Früher waren Salz­burgs Top­stars wie Sadio Mané (zum FC Sout­hampton), Alan (Guang­zhou Ever­g­rande) oder Kevin Kampl (BVB) in aller Herren Länder gewech­selt. Dass sie neu­er­dings nach Leipzig dele­giert“ werden, wie Sze­ne­kenner hinter vor­ge­hal­tener Hand tuscheln, hat eine ganz andere Qua­lität. Die Kon­kur­renz reagiert gereizt auf dieses Geschäfts­ge­baren.

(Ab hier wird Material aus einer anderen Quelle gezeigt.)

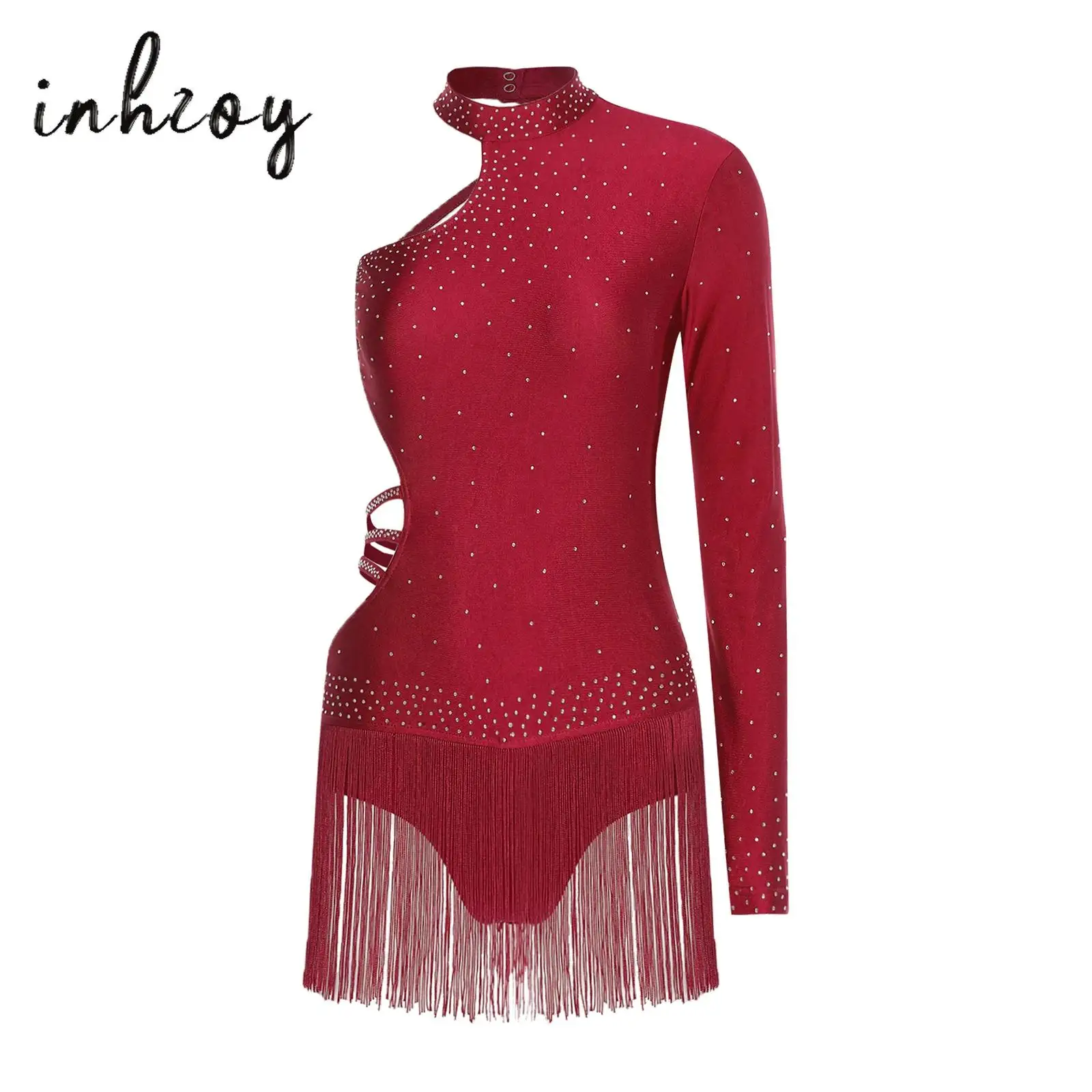 

Women's Latin Dance Dress Single Long Sleeve Strappy Backless Tassel Skirted Leotard Dresses for Chacha Tango Dance Bodysuit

Glad­bach-Manager Max Eberl etwa schimpfte bei focus​.de: Das Geschiebe von Spie­lern von Salz­burg nach Leipzig und von Leipzig nach Salz­burg hat für mich einen faden Bei­geschmack, weil sie im Grunde zwei Kader haben.“

Selbst Bayern-Boss Karl-Heinz Rum­me­nigge, kaum als Kapi­ta­lismus-Kri­tiker bekannt, hat die Bullen“ im Visier: Das Thema RB Leipzig, die ganze Dis­kus­sion, kann man relativ schnell zu den Akten legen – wenn man Finan­cial Fair­play als Lizen­zie­rung bitte auch in der Bun­des­liga ein­führt“, pol­terte der Ex-Stürmer schon vor zwei Jahren in Sport Bild. Dann darf der Herr Mate­schitz per anno maximal 15 Mil­lionen pro Jahr inves­tieren – oder 45 Mil­lionen für drei Jahre.“ In Wahr­heit dürfte Red-Bull-Patri­arch Didi Mate­schitz in Leipzig viel mehr Geld locker machen. Allein die Ablöse für Keita betrug 15 Mil­lionen.

Mate­schitz ver­folgt wirt­schaft­liche Ziele

Mate­schitz sind die Gefühls­du­se­leien von Fuß­ball­fans und ‑funk­tio­nären eher fremd. Der 72-jäh­rige Self­made-Mil­li­ardär und ehe­ma­lige Aus­dauer-Athlet ver­folgt mit seinem Enga­ge­ment eher wirt­schaft­liche Ziele – diese aber mit Beharr­lich­keit: Bereits vor sechs Jahren zeigte Mate­schitz auf, wohin die Reise seines Fuß­ball-Impe­riums, zu dem auch Filialen in New York und Bra­si­lien gehören, gehen würde: Wir wollen mit dem stärksten Team Leipzig in der deut­schen Bun­des­liga spielen und in Öster­reich mit einem Quasi-U-21-Team mit mög­lichst hohem Anteil an Spie­lern aus unseren Aka­de­mien.“

Für RB Leipzig ist Ber­nardo ver­mut­lich nicht die letzte Lie­fe­rung aus Salz­burg.